I’m Josh Tagg, mortgage broker, and if you’ve been reading my blogs for a while you’ll know that interest rates are a common topic. But the housing market is controlled by just this one thing.
As a first-time home buyer, your ability to buy a home is actually shaped by something bigger — economic stability.
This morning brought a major shift in North American trade rules and tariffs. The US Supreme Court ruled that Trump’s sweeping tariffs were illegal, and simultaneously halted those tariffs immediately. This might sound unrelated to buying your first home, but it directly affects inflation, mortgage rates, job confidence, and ultimately whether first-time buyers can safely enter the market.
Trade policy and first-time buyers
Canada trades heavily with the United States. When tariffs or trade barriers exist, businesses pay more for materials, transportation, and manufacturing. Those costs show up as higher prices for everyone.
Higher prices create inflation → Inflation keeps mortgage rates higher
Recently, a major U.S. tariff policy was struck down, removing some of the extra costs placed on goods and materials moving across North America. This helps reduce price pressure across industries, including construction and renovation.
For first-time buyers, the impact shows up in two ways:
- It reduces pressure for future rate increases
- It helps slow the rise of home prices caused by construction costs
In other words, affordability stops getting worse as quickly.
Mortgage rates may become more predictable
The Bank of Canada reacts to inflation, not housing directly. When inflation risk falls, the Bank doesn’t need to push rates higher. That doesn’t mean rates instantly drop but it does mean the risk of sudden increases shrinks.
For first-time buyers, predictability is actually more important than low rates. You can plan a purchase when payments stay stable. It becomes much more difficult when borrowing costs jump every few months.
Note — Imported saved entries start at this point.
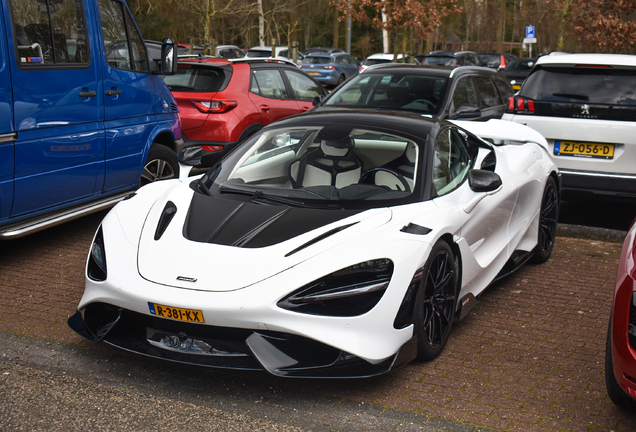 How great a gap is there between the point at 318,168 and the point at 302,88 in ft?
19.8

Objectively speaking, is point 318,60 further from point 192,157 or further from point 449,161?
point 449,161

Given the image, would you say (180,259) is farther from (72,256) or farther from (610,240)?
(610,240)

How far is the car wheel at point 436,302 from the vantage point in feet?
12.2

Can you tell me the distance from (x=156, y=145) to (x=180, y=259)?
3.82 metres

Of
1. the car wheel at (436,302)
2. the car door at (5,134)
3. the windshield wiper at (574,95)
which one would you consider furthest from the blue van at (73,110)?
the windshield wiper at (574,95)

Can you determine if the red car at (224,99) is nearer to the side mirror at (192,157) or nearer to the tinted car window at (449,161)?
the side mirror at (192,157)

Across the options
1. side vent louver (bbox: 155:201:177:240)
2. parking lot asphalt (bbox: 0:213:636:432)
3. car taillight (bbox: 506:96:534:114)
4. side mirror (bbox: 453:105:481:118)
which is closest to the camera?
parking lot asphalt (bbox: 0:213:636:432)

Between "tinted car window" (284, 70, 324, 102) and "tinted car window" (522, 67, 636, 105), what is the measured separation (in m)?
3.78

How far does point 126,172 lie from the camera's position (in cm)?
668

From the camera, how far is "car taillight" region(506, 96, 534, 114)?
7531 millimetres

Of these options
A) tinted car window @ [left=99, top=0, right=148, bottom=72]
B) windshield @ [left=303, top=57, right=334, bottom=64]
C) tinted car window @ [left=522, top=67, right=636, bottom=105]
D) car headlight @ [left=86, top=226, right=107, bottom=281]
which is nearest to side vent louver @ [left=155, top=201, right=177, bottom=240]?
car headlight @ [left=86, top=226, right=107, bottom=281]

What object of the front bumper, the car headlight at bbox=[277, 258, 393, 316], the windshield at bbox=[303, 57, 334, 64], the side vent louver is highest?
the side vent louver

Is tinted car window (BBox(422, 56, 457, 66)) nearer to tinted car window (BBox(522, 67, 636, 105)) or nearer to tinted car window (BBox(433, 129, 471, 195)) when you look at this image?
tinted car window (BBox(522, 67, 636, 105))

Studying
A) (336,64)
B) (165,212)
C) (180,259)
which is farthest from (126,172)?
(336,64) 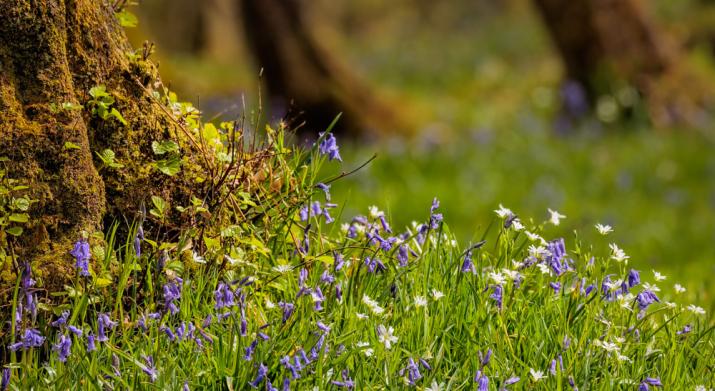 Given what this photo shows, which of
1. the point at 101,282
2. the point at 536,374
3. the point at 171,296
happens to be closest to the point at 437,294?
the point at 536,374

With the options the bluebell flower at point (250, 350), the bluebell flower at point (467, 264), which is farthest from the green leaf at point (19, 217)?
the bluebell flower at point (467, 264)

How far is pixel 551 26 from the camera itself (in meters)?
10.4

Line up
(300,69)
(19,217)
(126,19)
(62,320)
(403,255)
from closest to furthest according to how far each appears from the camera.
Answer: (62,320)
(19,217)
(403,255)
(126,19)
(300,69)

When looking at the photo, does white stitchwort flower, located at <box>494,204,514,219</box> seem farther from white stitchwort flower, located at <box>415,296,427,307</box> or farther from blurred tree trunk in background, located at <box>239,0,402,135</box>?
blurred tree trunk in background, located at <box>239,0,402,135</box>

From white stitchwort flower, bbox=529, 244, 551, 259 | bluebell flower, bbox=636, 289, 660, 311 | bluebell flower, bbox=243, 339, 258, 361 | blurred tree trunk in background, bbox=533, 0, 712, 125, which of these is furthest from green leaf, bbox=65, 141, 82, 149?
blurred tree trunk in background, bbox=533, 0, 712, 125

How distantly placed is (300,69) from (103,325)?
833cm

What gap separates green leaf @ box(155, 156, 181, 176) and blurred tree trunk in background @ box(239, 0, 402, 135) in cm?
749

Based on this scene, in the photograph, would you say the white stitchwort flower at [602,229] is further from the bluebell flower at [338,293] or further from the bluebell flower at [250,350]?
the bluebell flower at [250,350]

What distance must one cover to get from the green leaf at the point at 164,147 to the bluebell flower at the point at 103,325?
1.87ft

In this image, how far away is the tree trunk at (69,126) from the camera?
9.53 ft

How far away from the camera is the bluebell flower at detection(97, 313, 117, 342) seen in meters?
2.59

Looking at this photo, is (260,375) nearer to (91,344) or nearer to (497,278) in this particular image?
(91,344)

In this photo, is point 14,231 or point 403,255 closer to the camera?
point 14,231

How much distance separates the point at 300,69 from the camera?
35.4ft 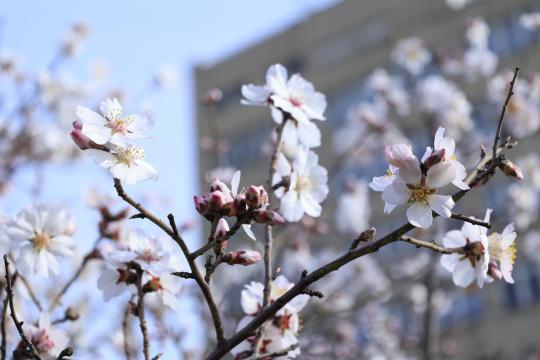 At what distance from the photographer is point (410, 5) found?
80.3ft

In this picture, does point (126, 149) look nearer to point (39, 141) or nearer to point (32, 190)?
point (32, 190)

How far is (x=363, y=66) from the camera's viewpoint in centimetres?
2438

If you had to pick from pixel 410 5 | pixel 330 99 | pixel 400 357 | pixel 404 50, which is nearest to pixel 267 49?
pixel 330 99

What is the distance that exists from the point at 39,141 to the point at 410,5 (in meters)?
19.2

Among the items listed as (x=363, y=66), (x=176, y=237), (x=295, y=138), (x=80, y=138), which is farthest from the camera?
(x=363, y=66)

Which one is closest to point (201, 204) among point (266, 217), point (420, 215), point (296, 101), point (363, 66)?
point (266, 217)

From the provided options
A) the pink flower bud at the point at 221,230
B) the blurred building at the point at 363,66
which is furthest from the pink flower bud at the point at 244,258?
the blurred building at the point at 363,66

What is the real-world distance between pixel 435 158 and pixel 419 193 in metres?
0.09

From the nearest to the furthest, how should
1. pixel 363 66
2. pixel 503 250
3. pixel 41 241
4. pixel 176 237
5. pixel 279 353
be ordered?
pixel 176 237, pixel 279 353, pixel 503 250, pixel 41 241, pixel 363 66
This kind of stable environment is usually when renters transition to becoming homeowners.
Canada is trying to diversify trade
Canada is also gradually expanding trade beyond the U.S., although the process is slow and still developing. Why does this matter to someone buying their first home? Because first-time buyers depend on job stability more than investors or move-up buyers.
When employment feels secure:
- People are willing to commit to a mortgage
- Lenders are more comfortable approving borrowers
- Parents are more willing to help with down payments
A stable economy often unlocks first-time buyers even before interest rates fall significantly.
What typically happens next in housing
First-time buyers often wait for the lowest possible rate. But housing markets rarely work that way. Here is the normal sequence:
- Economic stability improves
- Buyers return to the market
- Home prices rise slowly
- Rates finally drop later
By the time the lowest rate arrives, competition has already increased. This is why many people feel priced out even though rates look better in the news.
What this means for Alberta
Alberta housing is strongly tied to confidence. People buy when they feel secure about income, not just when rates are low.
Trade stability supports employment confidence → Employment confidence brings first-time buyers back → First-time buyers create the floor under home prices.
So the biggest impact of these changes is not cheaper mortgages immediately — it is a safer entry point into the market.
How first-time buyers should approach 2026
Instead of asking “When will rates be lowest?”, a better question is: “When will risk be lowest?”
The lowest-risk window is usually when:
- Rates have stopped rising
- Payments are predictable
- Competition has not surged yet
That period may be starting to form.
My advice as a mortgage broker
The mistake I see most first-time buyers make is waiting for perfect affordability. But perfect affordability rarely appears; stable conditions do.
Trade changes don’t often make major headlines in real estate, but they change behaviour. When the economy feels steady, buyers move first and headlines follow later.
Over the coming year, I was already expecting the Bank of Canada to keep the overnight rate the same, and now I also expect fewer shocks and more gradual market movement in Alberta.